If the City shall be unable to satisfy the conditions to the obligations of the
Underwriter to purchase, to accept delivery of and to pay for the Series 1997 Bonds
contained in this Bond Purchase Contract and the Underwriter do not waive such inability
in writing, or if the obligations of the Underwriter to purchase, to accept delivery of and to
pay for the Series 1997 Bonds shall be terminated for any reason permitted by this Bond
Purchase Contract, this Bond Purchase Contract shall terminate, the good faith deposit
described in Section 2 hereof shall be returned to the Underwriter and neither the
Underwriter nor the City shall be under any further obligation hereunder, except that the
respective obligations of the City and the Underwriter set forth in Section 9 hereof shall
continue in full force and effect.
9. Expenses.

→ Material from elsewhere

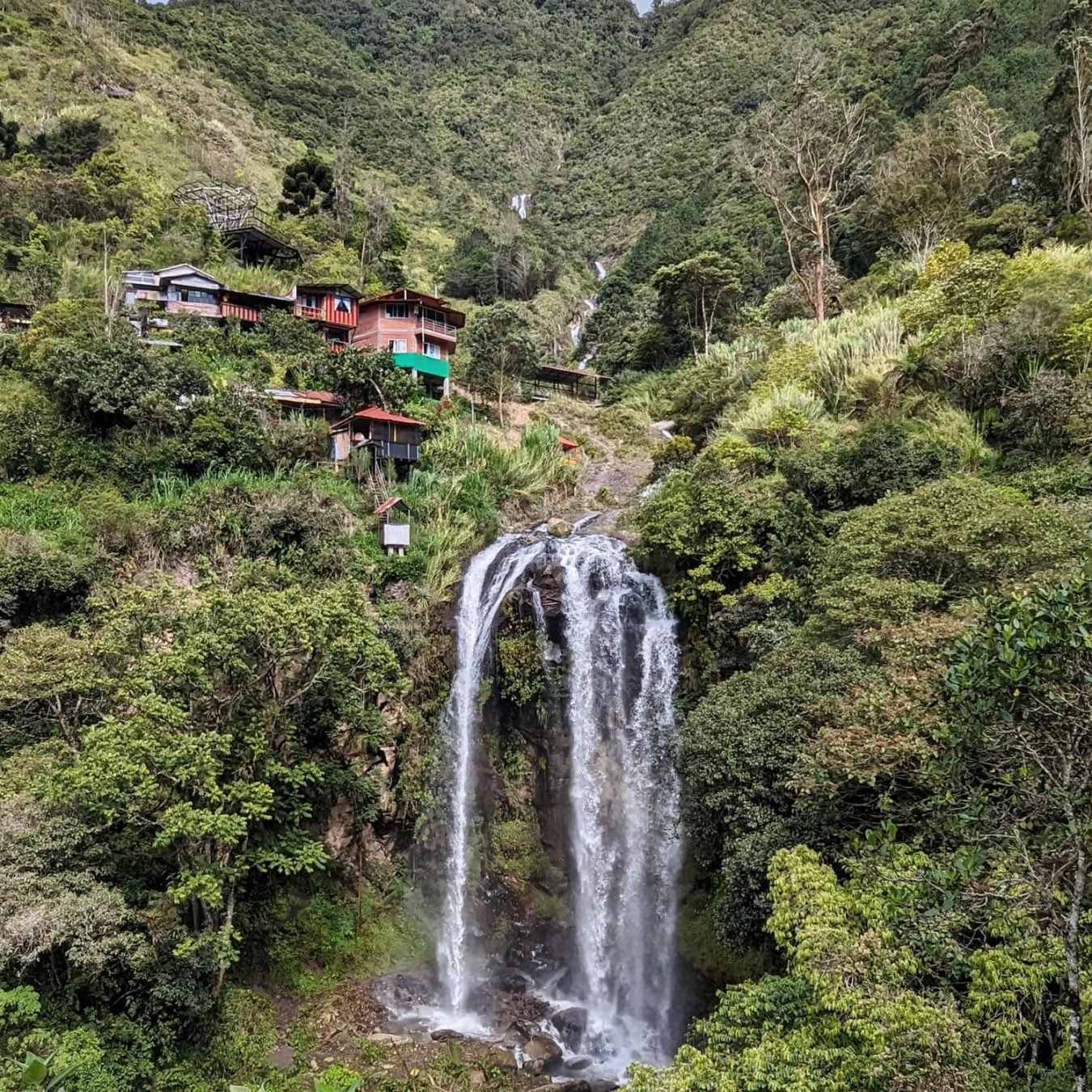 Cañonismo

The Underwriter shall be under no obligation to pay, and the City
shall pay, any expense incident to the performance of the City's obligations hereunder
including, but not limited to: (a) the cost of preparation, printing and delivery of the
Resolution; (b) the cost of preparation and printing of the Series 1997 Bonds; (c) the fees and
disbursements of Bond Counsel; (d) the fees and disbursements of the City's certified public
accountants; (e) the fees and disbursements of any experts, consultants or advisors retained
by the City; (f) fees for bond ratings; (g) the fees and expenses of the Registrar, the Paying
Agent, the Engineering Consultants and of their respective counsel; and (h) the costs of
preparing, printing and delivering the Preliminary Official Statement and the Official
Statement and any supplements or amendments thereto.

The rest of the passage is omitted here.